Member of the South Carolina House of Representatives from the 3rd district
- In office November 2002 – November 2014
- Preceded by: Byron K. Webb
- Succeeded by: Gary Clary

Personal details
- Born: Billy Ray Skelton January 21, 1933 Westminster, South Carolina, U.S.
- Died: July 21, 2025 (aged 92)
- Party: Republican
- Spouse: Vickie Lynn Roach (m. 1990)
- Children: 4
- Occupation: Businessman

= B. R. Skelton =

American politician (1933–2025)

Billy Ray Skelton (January 21, 1933 – July 21, 2025) was an American politician who was a Republican member of the South Carolina House of Representatives.
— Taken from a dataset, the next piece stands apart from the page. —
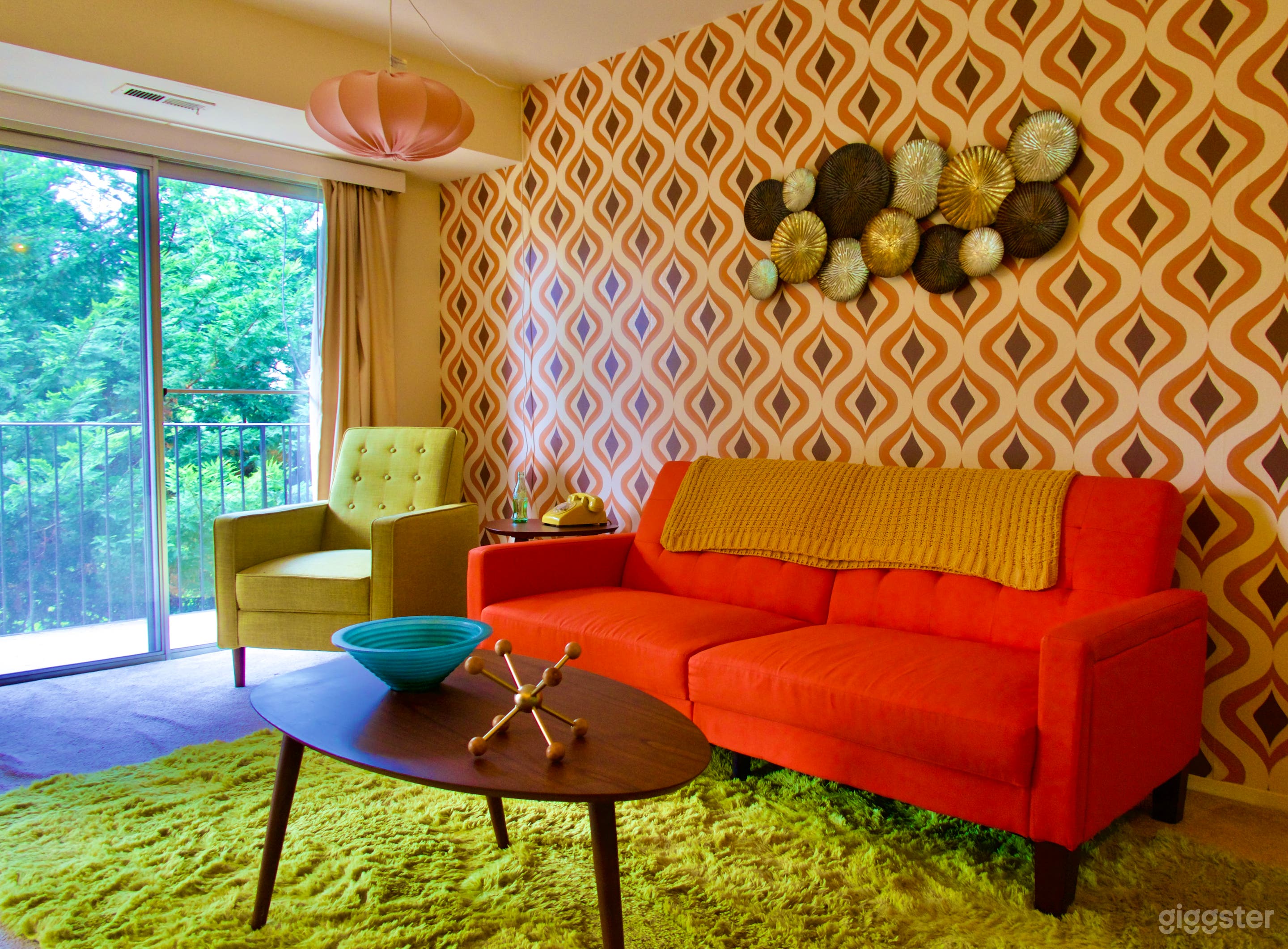 Wallpapered Wall, Sofa, and Chair with Natural Light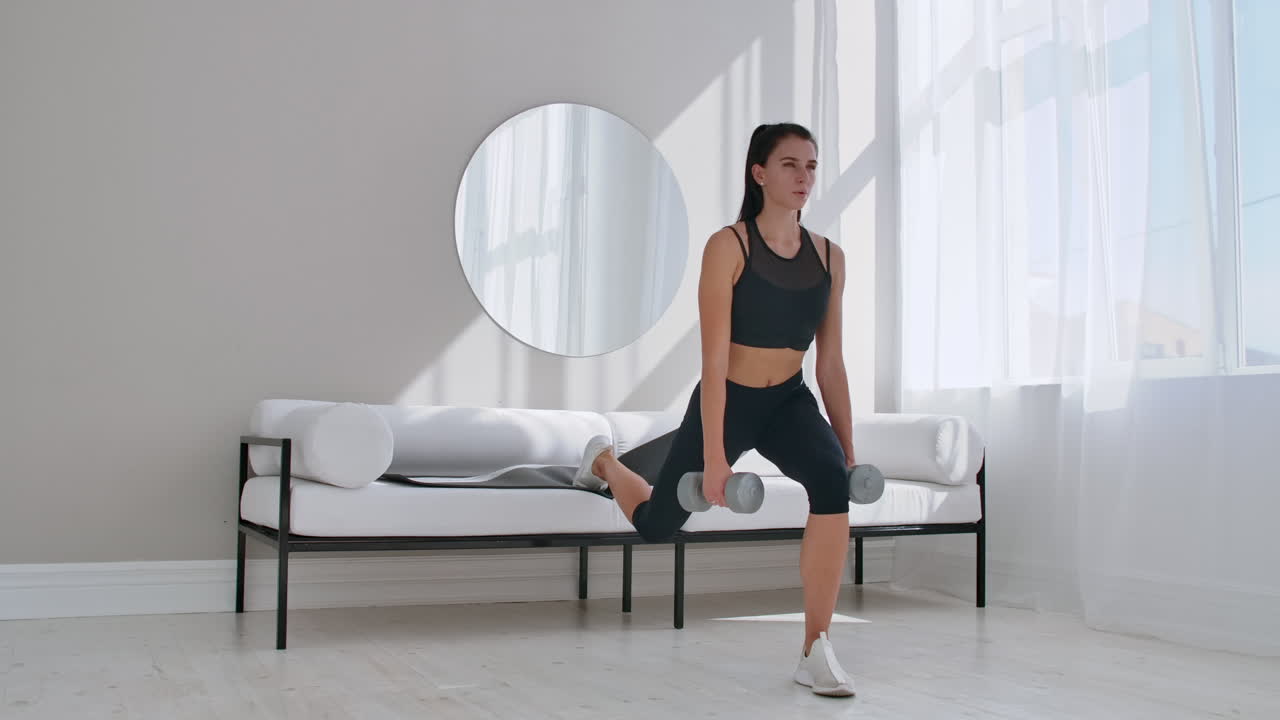 Una bruna in abbigliamento sportivo nero in un appartamento bianco esegue uno split squat con manubri tra le mani, appoggiando il piede sul divano.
== Education and professional career ==
Skelton was an alumnus of Clemson, receiving his B.S. and M.S., there in 1956 and 1958 respectively. He received his Ph.D at Duke University in 1964.

Skelton was a professor of economics at Clemson University. He also worked as a residential contractor, and real estate broker.

== Political career ==
Prior to his election to the South Carolina House, Skelton served on various committees and commissions for Pickens County.

He represented the 3rd District from 2002 to 2014.

== Death and legacy ==
Skelton died on July 21, 2025, at the age of 92.

In 2018, Skelton was recognized with concurrent resolution of both houses of the South Carolina Legislature naming the intersection of U.S. Highway 123 and S.C. Highway 93 in Clemson the “Dr. B.R. Skelton Interchange.”